(Beginning of Material shown)

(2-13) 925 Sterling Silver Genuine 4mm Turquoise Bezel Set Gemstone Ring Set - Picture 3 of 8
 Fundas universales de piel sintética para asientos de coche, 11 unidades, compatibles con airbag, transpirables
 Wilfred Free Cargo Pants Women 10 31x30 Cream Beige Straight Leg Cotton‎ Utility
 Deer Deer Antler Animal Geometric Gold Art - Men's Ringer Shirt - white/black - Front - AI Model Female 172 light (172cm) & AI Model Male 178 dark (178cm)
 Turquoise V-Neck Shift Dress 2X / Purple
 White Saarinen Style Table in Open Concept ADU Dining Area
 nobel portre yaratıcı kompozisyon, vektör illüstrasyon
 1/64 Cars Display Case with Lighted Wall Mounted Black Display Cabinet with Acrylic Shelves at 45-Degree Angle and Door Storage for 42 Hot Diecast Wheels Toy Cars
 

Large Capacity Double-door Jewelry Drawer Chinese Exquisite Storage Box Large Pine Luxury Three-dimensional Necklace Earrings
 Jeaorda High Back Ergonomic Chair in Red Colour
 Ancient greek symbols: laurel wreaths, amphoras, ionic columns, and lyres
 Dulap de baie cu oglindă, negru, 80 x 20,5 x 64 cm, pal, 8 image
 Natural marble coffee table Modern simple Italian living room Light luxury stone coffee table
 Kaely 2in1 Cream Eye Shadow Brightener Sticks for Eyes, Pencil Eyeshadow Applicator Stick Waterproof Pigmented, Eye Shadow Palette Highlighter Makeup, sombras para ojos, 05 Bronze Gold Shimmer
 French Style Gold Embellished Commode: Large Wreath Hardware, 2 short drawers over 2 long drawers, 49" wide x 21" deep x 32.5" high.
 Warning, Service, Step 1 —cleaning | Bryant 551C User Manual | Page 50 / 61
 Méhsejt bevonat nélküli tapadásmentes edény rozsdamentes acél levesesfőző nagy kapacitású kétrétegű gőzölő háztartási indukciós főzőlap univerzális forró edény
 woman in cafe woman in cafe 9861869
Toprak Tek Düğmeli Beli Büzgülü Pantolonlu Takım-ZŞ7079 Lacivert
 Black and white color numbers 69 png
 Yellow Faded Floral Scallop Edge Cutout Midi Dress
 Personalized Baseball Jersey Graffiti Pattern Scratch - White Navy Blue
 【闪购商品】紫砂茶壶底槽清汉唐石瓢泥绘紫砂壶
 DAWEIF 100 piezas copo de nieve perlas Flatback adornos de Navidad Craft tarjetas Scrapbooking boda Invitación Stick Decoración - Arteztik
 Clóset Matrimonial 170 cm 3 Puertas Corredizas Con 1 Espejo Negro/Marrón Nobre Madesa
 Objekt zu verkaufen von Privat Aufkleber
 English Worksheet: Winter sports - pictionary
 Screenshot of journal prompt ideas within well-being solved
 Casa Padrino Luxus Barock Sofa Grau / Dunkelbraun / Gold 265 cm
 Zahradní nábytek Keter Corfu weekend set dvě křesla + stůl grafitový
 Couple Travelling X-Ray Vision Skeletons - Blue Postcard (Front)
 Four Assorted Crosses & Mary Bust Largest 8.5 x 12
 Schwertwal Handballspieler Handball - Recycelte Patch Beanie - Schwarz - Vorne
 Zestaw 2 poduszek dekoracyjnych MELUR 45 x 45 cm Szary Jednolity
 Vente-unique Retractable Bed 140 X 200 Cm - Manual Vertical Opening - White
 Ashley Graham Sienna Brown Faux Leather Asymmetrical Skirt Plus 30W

(End of Material shown)

All of the records shown above should be reproduced exactly.

(2-13) 925 Sterling Silver Genuine 4mm Turquoise Bezel Set Gemstone Ring Set - Picture 3 of 8
 Fundas universales de piel sintética para asientos de coche, 11 unidades, compatibles con airbag, transpirables
 Wilfred Free Cargo Pants Women 10 31x30 Cream Beige Straight Leg Cotton‎ Utility
 Deer Deer Antler Animal Geometric Gold Art - Men's Ringer Shirt - white/black - Front - AI Model Female 172 light (172cm) & AI Model Male 178 dark (178cm)
 Turquoise V-Neck Shift Dress 2X / Purple
 White Saarinen Style Table in Open Concept ADU Dining Area
 nobel portre yaratıcı kompozisyon, vektör illüstrasyon
 1/64 Cars Display Case with Lighted Wall Mounted Black Display Cabinet with Acrylic Shelves at 45-Degree Angle and Door Storage for 42 Hot Diecast Wheels Toy Cars
 

Large Capacity Double-door Jewelry Drawer Chinese Exquisite Storage Box Large Pine Luxury Three-dimensional Necklace Earrings
 Jeaorda High Back Ergonomic Chair in Red Colour
 Ancient greek symbols: laurel wreaths, amphoras, ionic columns, and lyres
 Dulap de baie cu oglindă, negru, 80 x 20,5 x 64 cm, pal, 8 image
 Natural marble coffee table Modern simple Italian living room Light luxury stone coffee table
 Kaely 2in1 Cream Eye Shadow Brightener Sticks for Eyes, Pencil Eyeshadow Applicator Stick Waterproof Pigmented, Eye Shadow Palette Highlighter Makeup, sombras para ojos, 05 Bronze Gold Shimmer
 French Style Gold Embellished Commode: Large Wreath Hardware, 2 short drawers over 2 long drawers, 49" wide x 21" deep x 32.5" high.
 Warning, Service, Step 1 —cleaning | Bryant 551C User Manual | Page 50 / 61
 Méhsejt bevonat nélküli tapadásmentes edény rozsdamentes acél levesesfőző nagy kapacitású kétrétegű gőzölő háztartási indukciós főzőlap univerzális forró edény
 woman in cafe woman in cafe 9861869
Toprak Tek Düğmeli Beli Büzgülü Pantolonlu Takım-ZŞ7079 Lacivert
 Black and white color numbers 69 png
 Yellow Faded Floral Scallop Edge Cutout Midi Dress
 Personalized Baseball Jersey Graffiti Pattern Scratch - White Navy Blue
 【闪购商品】紫砂茶壶底槽清汉唐石瓢泥绘紫砂壶
 DAWEIF 100 piezas copo de nieve perlas Flatback adornos de Navidad Craft tarjetas Scrapbooking boda Invitación Stick Decoración - Arteztik
 Clóset Matrimonial 170 cm 3 Puertas Corredizas Con 1 Espejo Negro/Marrón Nobre Madesa
 Objekt zu verkaufen von Privat Aufkleber
 English Worksheet: Winter sports - pictionary
 Screenshot of journal prompt ideas within well-being solved
 Casa Padrino Luxus Barock Sofa Grau / Dunkelbraun / Gold 265 cm
 Zahradní nábytek Keter Corfu weekend set dvě křesla + stůl grafitový
 Couple Travelling X-Ray Vision Skeletons - Blue Postcard (Front)
 Four Assorted Crosses & Mary Bust Largest 8.5 x 12
 Schwertwal Handballspieler Handball - Recycelte Patch Beanie - Schwarz - Vorne
 Zestaw 2 poduszek dekoracyjnych MELUR 45 x 45 cm Szary Jednolity
 Vente-unique Retractable Bed 140 X 200 Cm - Manual Vertical Opening - White
 Ashley Graham Sienna Brown Faux Leather Asymmetrical Skirt Plus 30W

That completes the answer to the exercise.